Die Vorwürfe gegen Dieter Wedel werden diese Frage kaum beantworten, da sie wohl weder bewiesen noch entkräftet werden können. Der Fall Wedel wirft jedoch auch die Frage auf: Ist die Verjährung von Sexualdelikten richtig? Und was muss sich im Zuge der MeToo-Debatte in Deutschland nun gesellschaftlich ändern? Die österreichische Schauspielerin erhofft sich durch die – wenn auch späte – Öffentlichmachung derartiger Anschuldigungen eine generelle Sensibilität für möglichen Machtmissbrauch gegenüber Frauen und Angestellten: „Herr Wedel ist überhaupt nicht mehr wichtig.

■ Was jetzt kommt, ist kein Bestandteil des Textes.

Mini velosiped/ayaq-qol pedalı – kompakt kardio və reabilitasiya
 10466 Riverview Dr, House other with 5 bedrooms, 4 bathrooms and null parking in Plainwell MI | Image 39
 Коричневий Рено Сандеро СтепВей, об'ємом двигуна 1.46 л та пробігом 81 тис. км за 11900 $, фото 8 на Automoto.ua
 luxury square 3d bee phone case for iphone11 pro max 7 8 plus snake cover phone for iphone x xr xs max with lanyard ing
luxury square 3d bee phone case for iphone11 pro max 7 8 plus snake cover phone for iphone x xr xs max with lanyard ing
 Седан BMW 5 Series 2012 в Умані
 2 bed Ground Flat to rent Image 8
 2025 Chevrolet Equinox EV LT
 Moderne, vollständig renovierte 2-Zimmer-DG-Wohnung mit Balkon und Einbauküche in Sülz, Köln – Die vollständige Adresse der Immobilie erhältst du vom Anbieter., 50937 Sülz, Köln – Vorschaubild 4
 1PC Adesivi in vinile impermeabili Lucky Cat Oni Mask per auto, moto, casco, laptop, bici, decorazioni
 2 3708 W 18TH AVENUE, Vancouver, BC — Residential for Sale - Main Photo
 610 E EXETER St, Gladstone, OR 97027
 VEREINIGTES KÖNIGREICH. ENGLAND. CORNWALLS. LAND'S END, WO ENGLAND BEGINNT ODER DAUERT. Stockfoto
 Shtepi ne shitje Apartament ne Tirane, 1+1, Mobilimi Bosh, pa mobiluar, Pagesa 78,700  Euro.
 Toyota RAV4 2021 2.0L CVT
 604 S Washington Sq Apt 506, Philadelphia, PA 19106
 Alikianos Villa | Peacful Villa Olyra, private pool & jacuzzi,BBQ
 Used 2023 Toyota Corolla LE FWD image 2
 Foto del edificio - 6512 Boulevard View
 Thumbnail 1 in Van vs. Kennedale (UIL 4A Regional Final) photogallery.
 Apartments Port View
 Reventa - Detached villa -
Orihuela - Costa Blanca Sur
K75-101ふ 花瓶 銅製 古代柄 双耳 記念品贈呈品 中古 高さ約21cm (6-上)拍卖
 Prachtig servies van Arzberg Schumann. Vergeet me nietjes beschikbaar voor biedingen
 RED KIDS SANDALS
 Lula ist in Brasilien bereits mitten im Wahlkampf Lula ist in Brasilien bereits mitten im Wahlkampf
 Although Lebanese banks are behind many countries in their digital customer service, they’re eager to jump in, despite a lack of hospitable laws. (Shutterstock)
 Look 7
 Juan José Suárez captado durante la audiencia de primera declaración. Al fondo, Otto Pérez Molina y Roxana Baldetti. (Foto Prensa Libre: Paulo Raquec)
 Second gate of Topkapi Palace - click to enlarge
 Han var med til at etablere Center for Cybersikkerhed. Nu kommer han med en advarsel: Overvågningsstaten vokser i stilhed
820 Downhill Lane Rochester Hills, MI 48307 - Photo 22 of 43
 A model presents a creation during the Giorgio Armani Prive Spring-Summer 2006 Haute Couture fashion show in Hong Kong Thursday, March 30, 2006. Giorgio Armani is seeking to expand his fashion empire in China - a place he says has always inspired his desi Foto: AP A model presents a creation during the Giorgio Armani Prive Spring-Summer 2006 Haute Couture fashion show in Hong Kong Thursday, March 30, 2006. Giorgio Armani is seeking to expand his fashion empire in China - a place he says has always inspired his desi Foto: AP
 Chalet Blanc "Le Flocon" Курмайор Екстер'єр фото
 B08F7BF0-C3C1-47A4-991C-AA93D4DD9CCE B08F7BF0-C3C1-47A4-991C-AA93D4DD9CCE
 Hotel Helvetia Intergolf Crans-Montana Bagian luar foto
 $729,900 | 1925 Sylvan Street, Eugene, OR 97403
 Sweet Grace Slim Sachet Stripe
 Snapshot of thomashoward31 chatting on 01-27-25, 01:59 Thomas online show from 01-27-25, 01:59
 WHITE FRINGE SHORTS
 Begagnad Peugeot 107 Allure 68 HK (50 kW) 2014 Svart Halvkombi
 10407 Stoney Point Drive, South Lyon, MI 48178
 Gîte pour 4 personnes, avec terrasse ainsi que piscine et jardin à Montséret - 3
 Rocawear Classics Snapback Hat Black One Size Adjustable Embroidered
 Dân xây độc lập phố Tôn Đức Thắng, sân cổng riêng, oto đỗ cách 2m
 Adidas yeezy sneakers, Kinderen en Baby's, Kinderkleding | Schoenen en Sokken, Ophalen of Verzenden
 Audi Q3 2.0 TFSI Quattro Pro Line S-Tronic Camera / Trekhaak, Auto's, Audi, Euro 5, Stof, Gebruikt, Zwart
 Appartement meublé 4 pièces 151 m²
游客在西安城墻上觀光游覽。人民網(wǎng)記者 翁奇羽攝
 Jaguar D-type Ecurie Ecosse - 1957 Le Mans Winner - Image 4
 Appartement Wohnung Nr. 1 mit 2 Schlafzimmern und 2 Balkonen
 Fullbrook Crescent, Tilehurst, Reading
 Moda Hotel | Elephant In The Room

Es ist auch egal, ob das verjährt ist oder nicht“, so Kramer im Gespräch bei stern TV. „Jetzt müssen wir über etwas ganz anderes reden: Haben manche Menschen nicht zu viel Macht, missbrauchen sie sie und sollte man da nicht eingreifen? Und warum haben Produzenten oder Leute beim Sender immer wieder geschwiegen?“ In dieser Hinsicht wünscht sich die Schauspielerin eine Aufarbeitung der Geschehnisse – adressiert an Sender und Produktionsfirmen, aber auch an Teams und Kollegen von Betroffenen.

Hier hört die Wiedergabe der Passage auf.